**Exercise directions:** For the entries presented below, indicate the number of lines that include the word "Pavé", adding nothing else.
START Data excerpts
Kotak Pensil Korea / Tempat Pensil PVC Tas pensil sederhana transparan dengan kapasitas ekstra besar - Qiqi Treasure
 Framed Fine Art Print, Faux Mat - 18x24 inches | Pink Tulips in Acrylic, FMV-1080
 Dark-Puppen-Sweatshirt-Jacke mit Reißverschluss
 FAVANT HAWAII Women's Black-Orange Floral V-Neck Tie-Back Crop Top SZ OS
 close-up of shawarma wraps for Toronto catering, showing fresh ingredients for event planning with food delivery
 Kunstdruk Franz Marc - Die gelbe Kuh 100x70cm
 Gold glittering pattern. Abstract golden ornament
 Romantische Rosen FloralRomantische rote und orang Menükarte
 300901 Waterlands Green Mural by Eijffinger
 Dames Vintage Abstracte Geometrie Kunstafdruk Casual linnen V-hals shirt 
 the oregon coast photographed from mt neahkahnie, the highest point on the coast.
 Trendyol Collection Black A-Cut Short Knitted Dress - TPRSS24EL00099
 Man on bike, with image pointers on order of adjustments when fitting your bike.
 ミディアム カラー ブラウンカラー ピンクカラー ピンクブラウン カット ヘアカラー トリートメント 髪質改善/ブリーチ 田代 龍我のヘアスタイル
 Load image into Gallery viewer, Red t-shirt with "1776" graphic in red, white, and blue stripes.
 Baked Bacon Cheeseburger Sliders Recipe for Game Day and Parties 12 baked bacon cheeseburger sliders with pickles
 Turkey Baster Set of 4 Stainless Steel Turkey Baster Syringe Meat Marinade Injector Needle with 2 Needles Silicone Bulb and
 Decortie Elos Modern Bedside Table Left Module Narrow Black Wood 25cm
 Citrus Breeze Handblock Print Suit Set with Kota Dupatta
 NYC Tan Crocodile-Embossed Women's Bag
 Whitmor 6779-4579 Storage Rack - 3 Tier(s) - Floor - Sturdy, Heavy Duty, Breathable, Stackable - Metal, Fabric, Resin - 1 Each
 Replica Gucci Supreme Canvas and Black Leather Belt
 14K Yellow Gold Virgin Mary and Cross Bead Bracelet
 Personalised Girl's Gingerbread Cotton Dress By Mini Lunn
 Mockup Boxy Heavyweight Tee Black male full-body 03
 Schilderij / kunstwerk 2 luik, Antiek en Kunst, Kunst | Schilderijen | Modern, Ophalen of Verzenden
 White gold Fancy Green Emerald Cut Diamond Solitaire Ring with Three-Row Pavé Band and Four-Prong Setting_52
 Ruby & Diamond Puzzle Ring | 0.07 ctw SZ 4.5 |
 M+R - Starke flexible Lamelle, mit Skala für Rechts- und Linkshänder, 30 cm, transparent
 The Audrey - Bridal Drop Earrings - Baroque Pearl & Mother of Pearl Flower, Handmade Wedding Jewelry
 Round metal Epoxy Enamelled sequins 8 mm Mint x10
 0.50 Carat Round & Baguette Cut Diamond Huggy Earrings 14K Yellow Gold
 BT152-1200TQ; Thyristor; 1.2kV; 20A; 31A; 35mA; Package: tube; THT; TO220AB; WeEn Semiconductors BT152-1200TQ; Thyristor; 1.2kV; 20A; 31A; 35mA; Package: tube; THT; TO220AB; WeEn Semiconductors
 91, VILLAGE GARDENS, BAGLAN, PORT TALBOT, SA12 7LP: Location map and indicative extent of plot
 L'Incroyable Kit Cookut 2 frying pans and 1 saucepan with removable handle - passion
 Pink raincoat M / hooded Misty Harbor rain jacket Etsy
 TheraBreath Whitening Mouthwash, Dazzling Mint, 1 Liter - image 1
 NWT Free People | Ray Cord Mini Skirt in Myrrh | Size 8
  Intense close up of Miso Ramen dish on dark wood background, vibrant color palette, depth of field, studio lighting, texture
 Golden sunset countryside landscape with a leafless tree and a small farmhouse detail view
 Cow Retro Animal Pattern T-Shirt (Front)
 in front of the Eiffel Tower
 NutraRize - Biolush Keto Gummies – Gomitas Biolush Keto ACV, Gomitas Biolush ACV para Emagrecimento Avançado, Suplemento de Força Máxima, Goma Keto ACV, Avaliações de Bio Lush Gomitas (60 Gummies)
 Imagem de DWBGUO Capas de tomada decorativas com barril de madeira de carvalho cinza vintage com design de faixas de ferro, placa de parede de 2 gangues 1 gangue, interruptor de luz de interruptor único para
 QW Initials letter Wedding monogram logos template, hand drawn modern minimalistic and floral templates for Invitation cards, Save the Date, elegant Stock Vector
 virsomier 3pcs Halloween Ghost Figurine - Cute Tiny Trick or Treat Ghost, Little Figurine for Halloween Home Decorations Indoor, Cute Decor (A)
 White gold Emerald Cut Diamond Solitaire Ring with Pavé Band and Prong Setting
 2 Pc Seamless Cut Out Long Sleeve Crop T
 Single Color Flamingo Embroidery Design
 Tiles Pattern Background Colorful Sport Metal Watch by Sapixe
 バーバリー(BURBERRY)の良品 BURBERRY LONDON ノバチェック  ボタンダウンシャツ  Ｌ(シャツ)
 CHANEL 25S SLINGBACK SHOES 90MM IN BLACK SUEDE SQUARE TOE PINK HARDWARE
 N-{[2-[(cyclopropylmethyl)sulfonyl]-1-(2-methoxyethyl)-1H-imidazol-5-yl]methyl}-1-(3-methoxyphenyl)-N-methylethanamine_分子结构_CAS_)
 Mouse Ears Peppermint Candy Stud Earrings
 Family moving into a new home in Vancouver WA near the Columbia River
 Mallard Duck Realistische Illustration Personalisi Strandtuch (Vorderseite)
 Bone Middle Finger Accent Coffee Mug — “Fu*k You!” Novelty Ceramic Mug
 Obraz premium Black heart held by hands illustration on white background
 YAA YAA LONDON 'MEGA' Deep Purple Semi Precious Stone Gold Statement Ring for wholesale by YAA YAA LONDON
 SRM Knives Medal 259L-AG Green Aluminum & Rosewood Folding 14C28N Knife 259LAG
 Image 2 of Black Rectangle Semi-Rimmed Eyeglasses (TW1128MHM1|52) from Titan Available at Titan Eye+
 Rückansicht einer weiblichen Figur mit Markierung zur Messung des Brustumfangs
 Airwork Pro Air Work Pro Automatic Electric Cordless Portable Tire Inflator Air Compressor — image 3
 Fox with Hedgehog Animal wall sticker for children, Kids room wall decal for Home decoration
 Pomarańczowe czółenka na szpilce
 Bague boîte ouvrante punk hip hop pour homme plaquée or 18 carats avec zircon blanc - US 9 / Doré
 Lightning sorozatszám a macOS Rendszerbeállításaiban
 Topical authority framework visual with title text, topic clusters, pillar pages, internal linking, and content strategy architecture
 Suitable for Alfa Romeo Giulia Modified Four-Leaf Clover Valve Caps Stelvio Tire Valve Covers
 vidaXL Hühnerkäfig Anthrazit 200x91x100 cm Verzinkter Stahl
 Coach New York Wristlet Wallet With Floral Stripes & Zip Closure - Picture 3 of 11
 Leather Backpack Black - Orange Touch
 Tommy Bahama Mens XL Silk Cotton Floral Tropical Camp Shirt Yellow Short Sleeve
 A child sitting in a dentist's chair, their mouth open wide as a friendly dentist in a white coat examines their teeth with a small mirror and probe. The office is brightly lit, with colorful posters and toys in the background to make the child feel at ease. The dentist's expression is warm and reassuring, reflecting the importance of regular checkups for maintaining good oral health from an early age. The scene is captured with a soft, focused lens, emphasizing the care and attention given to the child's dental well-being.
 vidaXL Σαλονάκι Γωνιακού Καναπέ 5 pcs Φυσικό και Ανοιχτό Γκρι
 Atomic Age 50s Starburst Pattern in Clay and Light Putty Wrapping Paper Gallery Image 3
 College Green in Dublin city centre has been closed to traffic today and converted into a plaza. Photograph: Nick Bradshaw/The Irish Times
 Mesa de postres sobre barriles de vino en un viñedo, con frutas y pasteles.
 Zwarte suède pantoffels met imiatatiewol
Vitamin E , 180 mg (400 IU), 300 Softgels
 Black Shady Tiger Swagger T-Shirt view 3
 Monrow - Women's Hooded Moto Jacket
END Data excerpts
**Response:** 2